Así lo hemos dicho muchas veces: el futuro del hombre está en el espacio exterior, en convertirse en habitante de otros mundos, pero para ello, para su supervivencia, deberá romper los límites de su actual conciencia. Es posible que para lograrlo debamos marchar hacia un comunitarismo extenso que exceda a las agrupaciones de hoy, fundamentalmente basadas en la tecnología, como ya lo asoman las redes sociales y la degradación de viejas instituciones desde la familia hasta el Estado-nación. Esto es, podríamos estar marchando hacia una evolución artificial, lo que también podría establecer las nuevas diferencias entre los que los analistas del futuro llaman los “mejorados” y entre quienes se han negado a ello.
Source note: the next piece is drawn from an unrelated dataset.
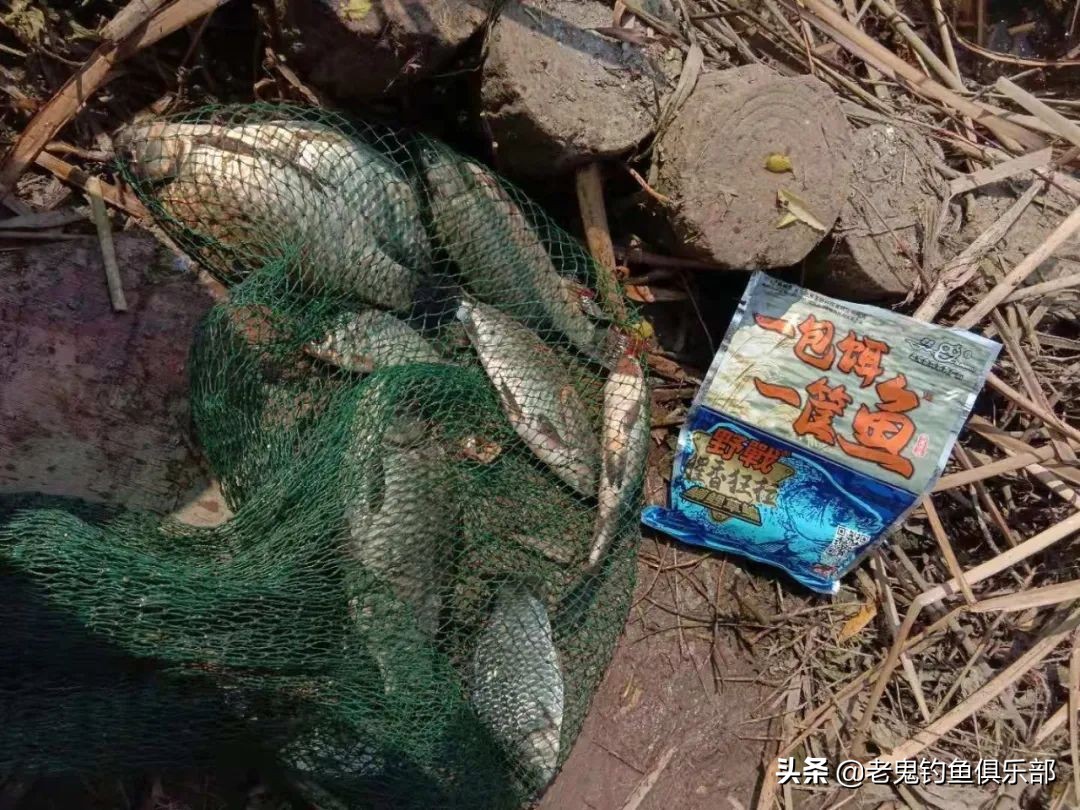 封竿数日再战板鲫，不负好*光春**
La relación del hombre con las máquinas ha sido tema especulativo permanente entre los autores de ciencia ficción, como sucede en Matrix donde se funciona a base de chips en el cerebro.
No nos detengamos en detalles sobre nuestra apariencia, en si las computadoras nos harán más pequeños debido a la inmovilidad y nos pareceremos a los dibujos que se han hecho de supuestos extraterrestres que han estado por aquí en platillos voladores. La realidad es que para enfrentar el futuro en cualquiera de sus manifestaciones debemos aprender y aprender más rápido. Los países del futuro, si es que existen países como los conocemos, que tengan mayor probabilidad de éxito serán aquellos serán aquellos capaces de acumular más conocimiento y aprendizaje. En alguno de mis textos anteriores he estado insistiendo en lo que es ya una expresión común en las ciencias sociales de hoy: una sociedad del conocimiento. Para ello no nos podemos distraer en discusiones banales o en prácticas políticas añejas, olvidando que debemos crear aprendizaje organizacional y transformar todos los procesos escolares. Transformarlos para inculcar valores de lo humano, esto es, de lo que ha impedido la destrucción de nuestra especie y que hoy todavía llamamos así, valores, tales como ética, verdad, moral y sentimientos. Posiblemente lo que los antiguos griegos llamaron la Sophia, la sabiduría. El conocimiento no es la recepción de información, lo es de saberse a uno mismo y en consecuencia quedar educado para la vida. Cuando esto se logra entonces se busca el conocimiento y se adquiere para un sentido común de pertenencia. Más allá de los avances tecnológicos o de nuestro logro de conquista de nuevos mundos, será ello lo que haga posible la permanencia de lo humano.